▶ **WORK REQUIRED**
Pictures in the material below are to be left out, and only the lines from the line with "Women's Navy Blue" up to and including the line with "FootJoy School Fish Print Lisle Polo Shirt - Navy" are to be written out exactly.

▶ **MATERIAL SUPPLIED**
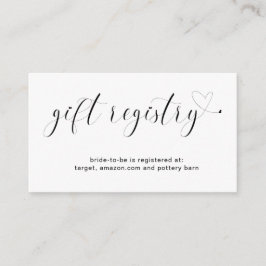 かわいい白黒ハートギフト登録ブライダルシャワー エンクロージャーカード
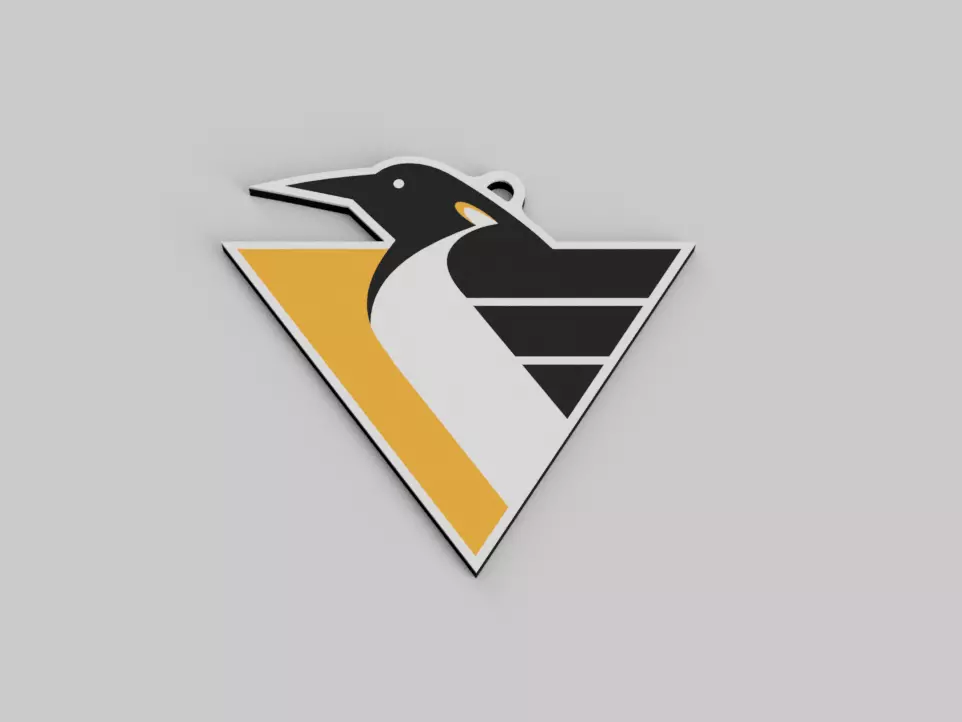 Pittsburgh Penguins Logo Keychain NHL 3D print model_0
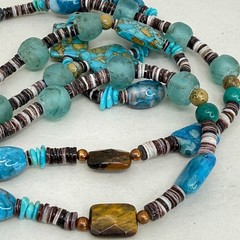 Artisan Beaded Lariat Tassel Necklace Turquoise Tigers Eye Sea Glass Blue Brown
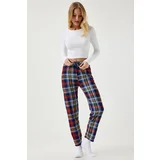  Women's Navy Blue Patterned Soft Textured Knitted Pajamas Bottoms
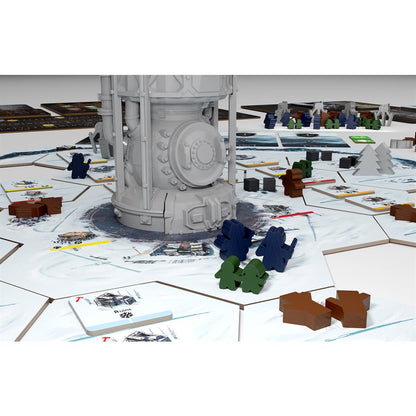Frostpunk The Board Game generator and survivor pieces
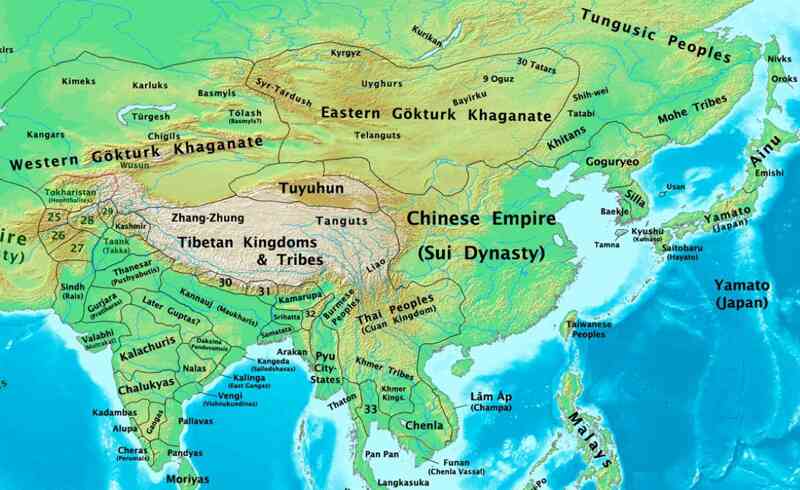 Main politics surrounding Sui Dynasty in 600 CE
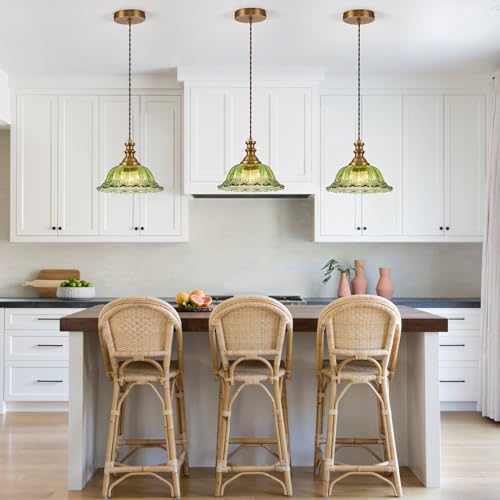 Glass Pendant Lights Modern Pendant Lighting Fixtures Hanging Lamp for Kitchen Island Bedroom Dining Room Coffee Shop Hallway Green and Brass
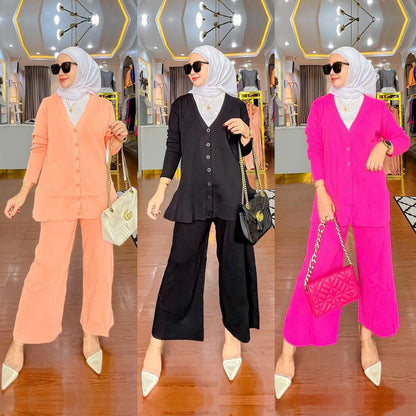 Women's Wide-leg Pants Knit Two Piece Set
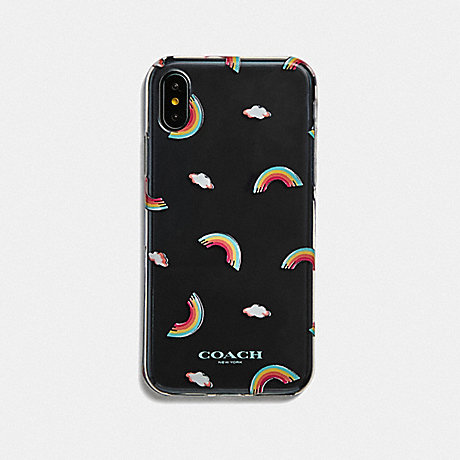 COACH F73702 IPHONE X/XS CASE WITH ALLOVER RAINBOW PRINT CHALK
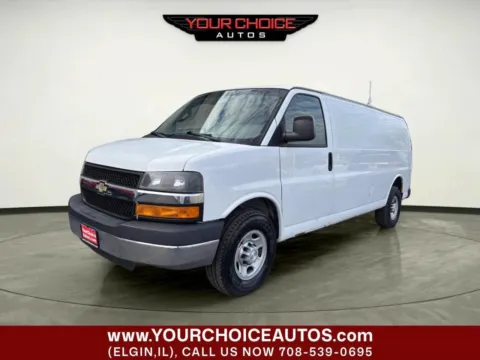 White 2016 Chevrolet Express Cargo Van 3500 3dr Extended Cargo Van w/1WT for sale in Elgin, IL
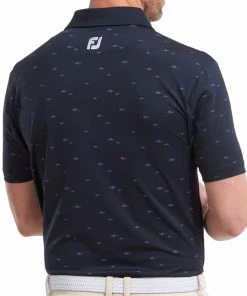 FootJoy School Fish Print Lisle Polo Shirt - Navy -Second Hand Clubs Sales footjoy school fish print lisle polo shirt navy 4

...

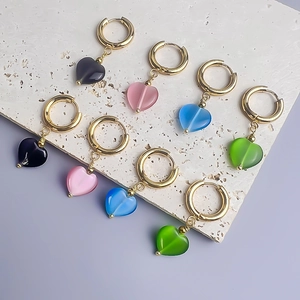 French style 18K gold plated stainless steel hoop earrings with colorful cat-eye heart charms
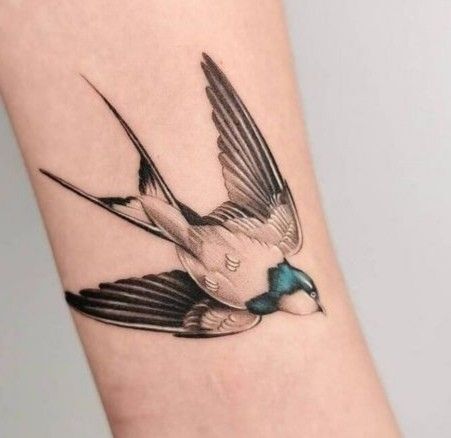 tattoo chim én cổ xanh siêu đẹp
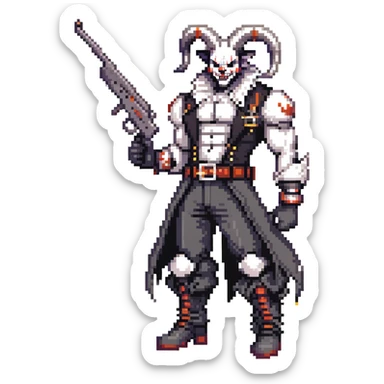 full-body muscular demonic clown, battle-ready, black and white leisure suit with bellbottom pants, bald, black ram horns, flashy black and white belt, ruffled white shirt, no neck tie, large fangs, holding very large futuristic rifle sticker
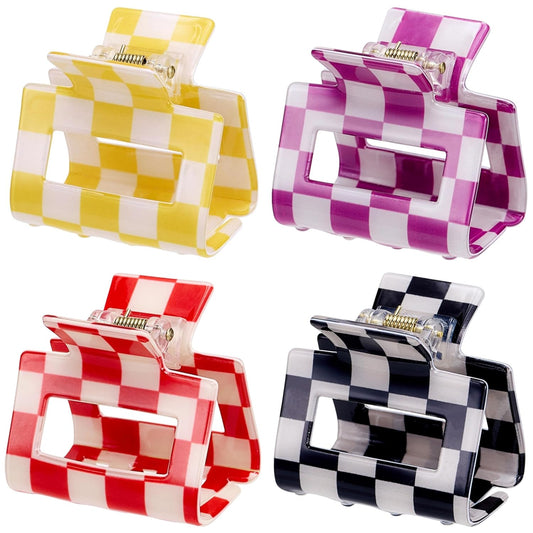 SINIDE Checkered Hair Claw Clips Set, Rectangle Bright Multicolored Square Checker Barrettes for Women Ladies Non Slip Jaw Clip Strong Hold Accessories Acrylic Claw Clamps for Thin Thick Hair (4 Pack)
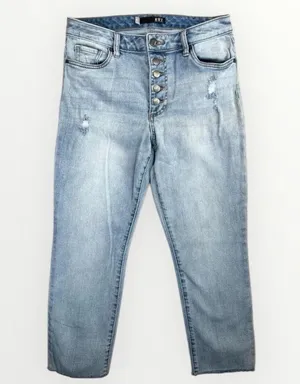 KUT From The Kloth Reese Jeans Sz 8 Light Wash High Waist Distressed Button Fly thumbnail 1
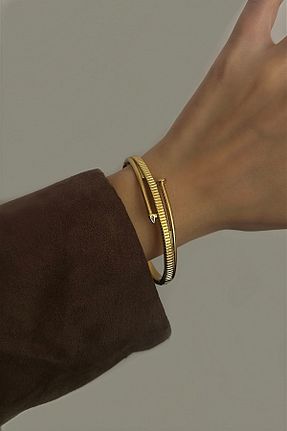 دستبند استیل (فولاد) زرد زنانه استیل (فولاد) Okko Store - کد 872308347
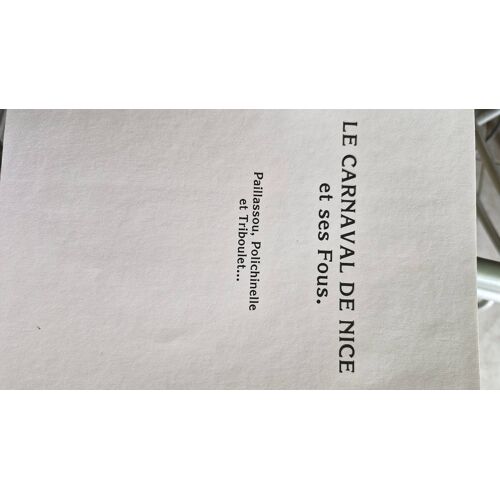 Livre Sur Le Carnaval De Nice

--

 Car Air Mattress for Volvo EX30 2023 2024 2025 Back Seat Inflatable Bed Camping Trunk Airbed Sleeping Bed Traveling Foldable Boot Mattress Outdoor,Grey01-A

▶ **EXPECTED ANSWER**
  Women's Navy Blue Patterned Soft Textured Knitted Pajamas Bottoms
Frostpunk The Board Game generator and survivor pieces
 Main politics surrounding Sui Dynasty in 600 CE
 Glass Pendant Lights Modern Pendant Lighting Fixtures Hanging Lamp for Kitchen Island Bedroom Dining Room Coffee Shop Hallway Green and Brass
 Women's Wide-leg Pants Knit Two Piece Set
 COACH F73702 IPHONE X/XS CASE WITH ALLOVER RAINBOW PRINT CHALK
 White 2016 Chevrolet Express Cargo Van 3500 3dr Extended Cargo Van w/1WT for sale in Elgin, IL
 FootJoy School Fish Print Lisle Polo Shirt - Navy -Second Hand Clubs Sales footjoy school fish print lisle polo shirt navy 4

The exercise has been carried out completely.